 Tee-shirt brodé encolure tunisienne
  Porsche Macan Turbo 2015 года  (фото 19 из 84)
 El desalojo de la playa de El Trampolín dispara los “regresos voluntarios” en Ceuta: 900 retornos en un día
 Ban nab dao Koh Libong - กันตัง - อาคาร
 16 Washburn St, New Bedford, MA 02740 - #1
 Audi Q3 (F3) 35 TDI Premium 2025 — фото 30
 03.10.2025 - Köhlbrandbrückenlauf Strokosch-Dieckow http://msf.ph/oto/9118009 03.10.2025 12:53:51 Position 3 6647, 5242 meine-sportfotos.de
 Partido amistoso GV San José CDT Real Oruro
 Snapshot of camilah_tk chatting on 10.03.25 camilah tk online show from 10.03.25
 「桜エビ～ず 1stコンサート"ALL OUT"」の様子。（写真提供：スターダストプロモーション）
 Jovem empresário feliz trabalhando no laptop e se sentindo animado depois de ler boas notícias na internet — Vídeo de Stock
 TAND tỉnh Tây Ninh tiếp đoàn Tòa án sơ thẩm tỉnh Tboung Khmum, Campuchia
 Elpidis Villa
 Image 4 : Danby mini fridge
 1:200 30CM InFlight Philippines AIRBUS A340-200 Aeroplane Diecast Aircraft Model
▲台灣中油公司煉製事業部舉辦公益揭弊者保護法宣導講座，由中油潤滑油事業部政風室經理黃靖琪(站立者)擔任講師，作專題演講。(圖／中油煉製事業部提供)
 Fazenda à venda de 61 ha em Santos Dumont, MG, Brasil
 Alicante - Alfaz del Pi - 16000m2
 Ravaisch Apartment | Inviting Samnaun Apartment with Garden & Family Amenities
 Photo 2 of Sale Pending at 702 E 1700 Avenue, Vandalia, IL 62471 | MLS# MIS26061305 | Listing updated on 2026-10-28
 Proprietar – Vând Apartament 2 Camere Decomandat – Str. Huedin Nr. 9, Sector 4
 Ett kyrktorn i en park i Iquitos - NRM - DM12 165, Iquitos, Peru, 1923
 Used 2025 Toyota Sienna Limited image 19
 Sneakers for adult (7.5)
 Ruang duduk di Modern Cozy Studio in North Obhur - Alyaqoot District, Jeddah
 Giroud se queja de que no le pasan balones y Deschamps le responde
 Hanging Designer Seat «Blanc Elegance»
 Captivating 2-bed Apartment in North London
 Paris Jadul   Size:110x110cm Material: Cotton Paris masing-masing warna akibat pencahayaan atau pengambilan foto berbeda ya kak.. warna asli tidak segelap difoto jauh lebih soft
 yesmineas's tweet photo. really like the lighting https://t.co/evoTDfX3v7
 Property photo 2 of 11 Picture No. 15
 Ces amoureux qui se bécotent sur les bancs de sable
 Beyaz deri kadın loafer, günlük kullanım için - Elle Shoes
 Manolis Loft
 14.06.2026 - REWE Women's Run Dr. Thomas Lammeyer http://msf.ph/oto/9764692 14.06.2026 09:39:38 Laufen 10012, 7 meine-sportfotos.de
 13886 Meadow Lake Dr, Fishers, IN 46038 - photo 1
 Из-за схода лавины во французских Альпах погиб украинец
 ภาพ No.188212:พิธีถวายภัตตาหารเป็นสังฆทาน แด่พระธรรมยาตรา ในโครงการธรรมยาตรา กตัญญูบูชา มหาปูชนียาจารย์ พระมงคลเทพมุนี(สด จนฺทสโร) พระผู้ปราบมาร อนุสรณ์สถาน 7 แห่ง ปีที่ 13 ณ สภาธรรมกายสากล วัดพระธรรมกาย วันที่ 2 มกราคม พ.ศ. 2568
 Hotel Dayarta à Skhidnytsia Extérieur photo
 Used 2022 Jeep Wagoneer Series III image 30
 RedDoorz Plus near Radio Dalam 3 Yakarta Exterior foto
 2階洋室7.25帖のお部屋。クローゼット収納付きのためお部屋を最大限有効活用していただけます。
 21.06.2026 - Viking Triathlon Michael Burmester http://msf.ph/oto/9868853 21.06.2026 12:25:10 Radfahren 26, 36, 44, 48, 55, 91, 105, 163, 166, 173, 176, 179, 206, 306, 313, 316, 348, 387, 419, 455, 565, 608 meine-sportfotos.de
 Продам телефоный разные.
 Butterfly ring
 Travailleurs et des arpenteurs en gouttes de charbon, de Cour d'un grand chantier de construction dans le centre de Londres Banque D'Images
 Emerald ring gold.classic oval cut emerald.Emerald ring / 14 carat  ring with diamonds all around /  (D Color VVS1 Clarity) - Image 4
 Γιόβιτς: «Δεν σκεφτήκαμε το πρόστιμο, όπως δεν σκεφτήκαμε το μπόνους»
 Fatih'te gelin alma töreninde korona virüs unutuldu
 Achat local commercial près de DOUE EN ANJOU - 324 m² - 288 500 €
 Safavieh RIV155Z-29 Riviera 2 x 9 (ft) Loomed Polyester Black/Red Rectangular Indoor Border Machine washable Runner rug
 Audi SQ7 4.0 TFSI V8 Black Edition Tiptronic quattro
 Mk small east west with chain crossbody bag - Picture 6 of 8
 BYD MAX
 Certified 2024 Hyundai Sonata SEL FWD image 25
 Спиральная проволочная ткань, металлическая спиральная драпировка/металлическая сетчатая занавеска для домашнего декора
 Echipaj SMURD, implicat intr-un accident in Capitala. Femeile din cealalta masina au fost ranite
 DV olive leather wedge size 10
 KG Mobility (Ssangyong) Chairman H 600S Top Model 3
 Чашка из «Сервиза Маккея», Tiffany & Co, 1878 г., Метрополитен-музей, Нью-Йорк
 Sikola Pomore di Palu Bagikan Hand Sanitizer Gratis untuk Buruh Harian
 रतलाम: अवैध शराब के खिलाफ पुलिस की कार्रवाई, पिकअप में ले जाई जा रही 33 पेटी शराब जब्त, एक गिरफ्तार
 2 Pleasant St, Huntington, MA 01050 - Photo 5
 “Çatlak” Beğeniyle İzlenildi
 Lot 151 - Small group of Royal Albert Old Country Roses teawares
+ + + +
Word for word, return each of the entries.

 Tee-shirt brodé encolure tunisienne
  Porsche Macan Turbo 2015 года  (фото 19 из 84)
 El desalojo de la playa de El Trampolín dispara los “regresos voluntarios” en Ceuta: 900 retornos en un día
 Ban nab dao Koh Libong - กันตัง - อาคาร
 16 Washburn St, New Bedford, MA 02740 - #1
 Audi Q3 (F3) 35 TDI Premium 2025 — фото 30
 03.10.2025 - Köhlbrandbrückenlauf Strokosch-Dieckow http://msf.ph/oto/9118009 03.10.2025 12:53:51 Position 3 6647, 5242 meine-sportfotos.de
 Partido amistoso GV San José CDT Real Oruro
 Snapshot of camilah_tk chatting on 10.03.25 camilah tk online show from 10.03.25
 「桜エビ～ず 1stコンサート"ALL OUT"」の様子。（写真提供：スターダストプロモーション）
 Jovem empresário feliz trabalhando no laptop e se sentindo animado depois de ler boas notícias na internet — Vídeo de Stock
 TAND tỉnh Tây Ninh tiếp đoàn Tòa án sơ thẩm tỉnh Tboung Khmum, Campuchia
 Elpidis Villa
 Image 4 : Danby mini fridge
 1:200 30CM InFlight Philippines AIRBUS A340-200 Aeroplane Diecast Aircraft Model
▲台灣中油公司煉製事業部舉辦公益揭弊者保護法宣導講座，由中油潤滑油事業部政風室經理黃靖琪(站立者)擔任講師，作專題演講。(圖／中油煉製事業部提供)
 Fazenda à venda de 61 ha em Santos Dumont, MG, Brasil
 Alicante - Alfaz del Pi - 16000m2
 Ravaisch Apartment | Inviting Samnaun Apartment with Garden & Family Amenities
 Photo 2 of Sale Pending at 702 E 1700 Avenue, Vandalia, IL 62471 | MLS# MIS26061305 | Listing updated on 2026-10-28
 Proprietar – Vând Apartament 2 Camere Decomandat – Str. Huedin Nr. 9, Sector 4
 Ett kyrktorn i en park i Iquitos - NRM - DM12 165, Iquitos, Peru, 1923
 Used 2025 Toyota Sienna Limited image 19
 Sneakers for adult (7.5)
 Ruang duduk di Modern Cozy Studio in North Obhur - Alyaqoot District, Jeddah
 Giroud se queja de que no le pasan balones y Deschamps le responde
 Hanging Designer Seat «Blanc Elegance»
 Captivating 2-bed Apartment in North London
 Paris Jadul   Size:110x110cm Material: Cotton Paris masing-masing warna akibat pencahayaan atau pengambilan foto berbeda ya kak.. warna asli tidak segelap difoto jauh lebih soft
 yesmineas's tweet photo. really like the lighting https://t.co/evoTDfX3v7
 Property photo 2 of 11 Picture No. 15
 Ces amoureux qui se bécotent sur les bancs de sable
 Beyaz deri kadın loafer, günlük kullanım için - Elle Shoes
 Manolis Loft
 14.06.2026 - REWE Women's Run Dr. Thomas Lammeyer http://msf.ph/oto/9764692 14.06.2026 09:39:38 Laufen 10012, 7 meine-sportfotos.de
 13886 Meadow Lake Dr, Fishers, IN 46038 - photo 1
 Из-за схода лавины во французских Альпах погиб украинец
 ภาพ No.188212:พิธีถวายภัตตาหารเป็นสังฆทาน แด่พระธรรมยาตรา ในโครงการธรรมยาตรา กตัญญูบูชา มหาปูชนียาจารย์ พระมงคลเทพมุนี(สด จนฺทสโร) พระผู้ปราบมาร อนุสรณ์สถาน 7 แห่ง ปีที่ 13 ณ สภาธรรมกายสากล วัดพระธรรมกาย วันที่ 2 มกราคม พ.ศ. 2568
 Hotel Dayarta à Skhidnytsia Extérieur photo
 Used 2022 Jeep Wagoneer Series III image 30
 RedDoorz Plus near Radio Dalam 3 Yakarta Exterior foto
 2階洋室7.25帖のお部屋。クローゼット収納付きのためお部屋を最大限有効活用していただけます。
 21.06.2026 - Viking Triathlon Michael Burmester http://msf.ph/oto/9868853 21.06.2026 12:25:10 Radfahren 26, 36, 44, 48, 55, 91, 105, 163, 166, 173, 176, 179, 206, 306, 313, 316, 348, 387, 419, 455, 565, 608 meine-sportfotos.de
 Продам телефоный разные.
 Butterfly ring
 Travailleurs et des arpenteurs en gouttes de charbon, de Cour d'un grand chantier de construction dans le centre de Londres Banque D'Images
 Emerald ring gold.classic oval cut emerald.Emerald ring / 14 carat  ring with diamonds all around /  (D Color VVS1 Clarity) - Image 4
 Γιόβιτς: «Δεν σκεφτήκαμε το πρόστιμο, όπως δεν σκεφτήκαμε το μπόνους»
 Fatih'te gelin alma töreninde korona virüs unutuldu
 Achat local commercial près de DOUE EN ANJOU - 324 m² - 288 500 €
 Safavieh RIV155Z-29 Riviera 2 x 9 (ft) Loomed Polyester Black/Red Rectangular Indoor Border Machine washable Runner rug
 Audi SQ7 4.0 TFSI V8 Black Edition Tiptronic quattro
 Mk small east west with chain crossbody bag - Picture 6 of 8
 BYD MAX
 Certified 2024 Hyundai Sonata SEL FWD image 25
 Спиральная проволочная ткань, металлическая спиральная драпировка/металлическая сетчатая занавеска для домашнего декора
 Echipaj SMURD, implicat intr-un accident in Capitala. Femeile din cealalta masina au fost ranite
 DV olive leather wedge size 10
 KG Mobility (Ssangyong) Chairman H 600S Top Model 3
 Чашка из «Сервиза Маккея», Tiffany & Co, 1878 г., Метрополитен-музей, Нью-Йорк
 Sikola Pomore di Palu Bagikan Hand Sanitizer Gratis untuk Buruh Harian
 रतलाम: अवैध शराब के खिलाफ पुलिस की कार्रवाई, पिकअप में ले जाई जा रही 33 पेटी शराब जब्त, एक गिरफ्तार
 2 Pleasant St, Huntington, MA 01050 - Photo 5
 “Çatlak” Beğeniyle İzlenildi
 Lot 151 - Small group of Royal Albert Old Country Roses teawares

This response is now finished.